The groupby method of a view returns a GroupBy class that can be used to group data based on one or more columns representing entities (specified in the key parameter). Within each entity or group of entities, the GroupBy class applies aggregation function(s) to the data.

The grouping keys determine the primary entity for the declared features in the aggregation function.

Moreover, the groupby method's category parameter allows you to define a categorical column, which can be used to generate Cross Aggregate Features. These features involve aggregating data across categories of the categorical column, enabling the extraction of patterns in an entity across these categories. For instance, you can calculate the amount spent by a customer on each product category during a specific time period using this approach.

Parameters

  • obj: Union[EventView, ItemView, ChangeView, SCDView]

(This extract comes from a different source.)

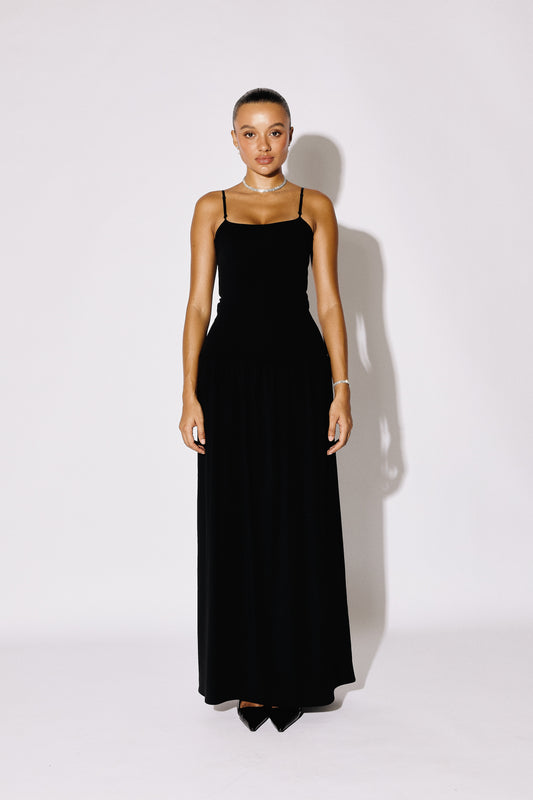 ISLA - Cami-Strap Soft-Flare Maxi Gown - Onyx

  • keys: Union[str, List[str]]

  • category: Union[str, NoneType]

Examples

Groupby for Aggregate features.

>>> items_view = catalog.get_view("INVOICEITEMS")
>>> # Group items by the column GroceryCustomerGuid that references the customer entity
>>> items_by_customer = items_view.groupby("GroceryCustomerGuid")
>>> # Declare features that measure the discount received by customer
>>> customer_discounts = items_by_customer.aggregate_over(
...   "Discount",
...   method=fb.AggFunc.SUM,
...   feature_names=["CustomerDiscounts_7d", "CustomerDiscounts_28d"],
...   fill_value=0,
...   windows=['7d', '28d']
... )

Groupby for Cross Aggregate features

>>> # Join product view to items view
>>> product_view = catalog.get_view("GROCERYPRODUCT")
>>> items_view = items_view.join(product_view)
>>> # Group items by the column GroceryCustomerGuid that references the customer entity
>>> # And use ProductGroup as the column to perform operations across
>>> items_by_customer_across_product_group = items_view.groupby(
...   by_keys = "GroceryCustomerGuid", category="ProductGroup"
... )
>>> # Cross Aggregate feature of the customer purchases across product group over the past 4 weeks
>>> customer_inventory_28d = items_by_customer_across_product_group.aggregate_over(
...   "TotalCost",
...   method=fb.AggFunc.SUM,
...   feature_names=["CustomerInventory_28d"],
...   windows=['28d']
... )